4) after the cloud platform control function is integrated into the mjpg-streamer, You need to modify the makefile of the output_http output component. The modified makefile is as follows:

3.3.2 porting Video Server Software

First, port the ipeg library and SDL Library to the/lib directory of the Development Board root file system.

Then, transplant the mjpg-streamer module after re-integration to the/lib directory of the root file system of the Development Board, and use the camera input module input_uvc.so, the HTTP output module output_http.so, which integrates the cloud platform control function, port the execution file to the/usr/bin directory.
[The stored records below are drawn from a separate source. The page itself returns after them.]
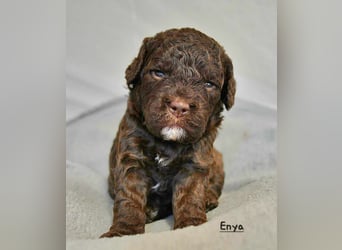 Lagotto Romagnolo Welpen mit LRWD e.V./ VDH Papieren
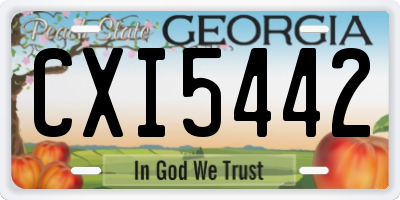 GA license plate CXI5442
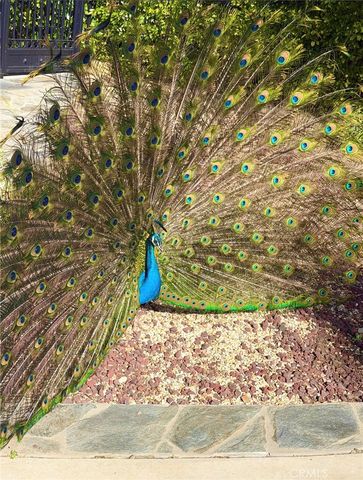 2305 Waring, Agoura Hills, CA 91301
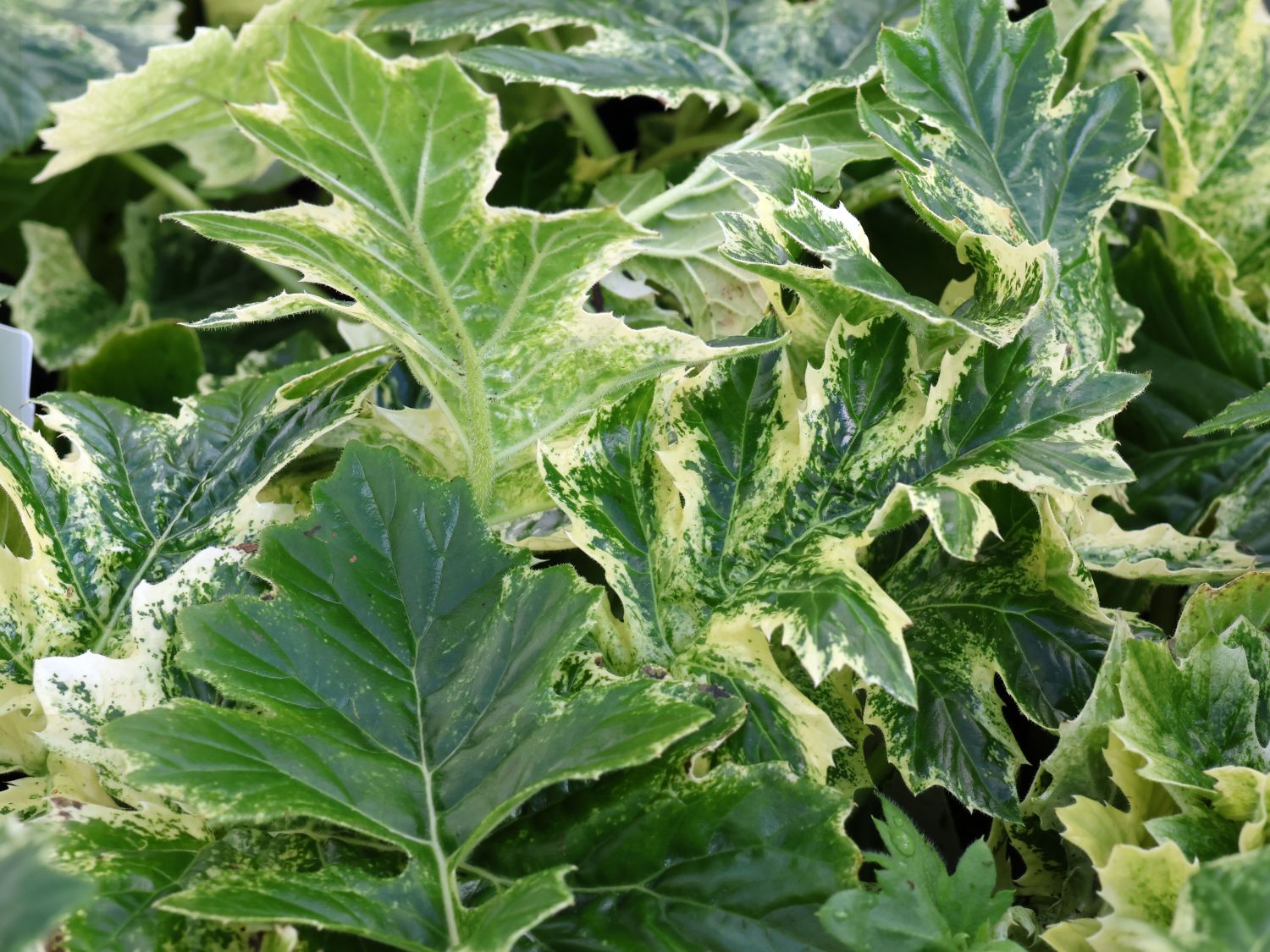 Weiche Bärenklaue Acanthus mollis 'Whitewater' - Acanthus mollis 'Whitewater'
Store the compiled client webpage in a folder of the Development Board root file system, for example,/var/pages. After the video server is started, specify the input component, output component, and path of the folder on the server. The page browsed by the client is the webpage under the file.

3.4 system browser client

The system client uses a webpage, as shown in page 7. The left side is the image frame display area, which is used to display the image data transmitted by the server. The arrow key on the right is used to control the multi-angle rotation of the cloud platform device.

4 Conclusion

With the advancement of social information technology, video surveillance, as an important tool, covers almost all industries. Video Server applications play an extremely important role in the video monitoring system. This article analyzes the open-source video server software mjpg-streamer from four aspects: features, processing procedures, components, and applications, straighten out the software processing ideas, and after modifying this open-source software, it is applicable to the development of the actual video monitoring system and has a certain reference value.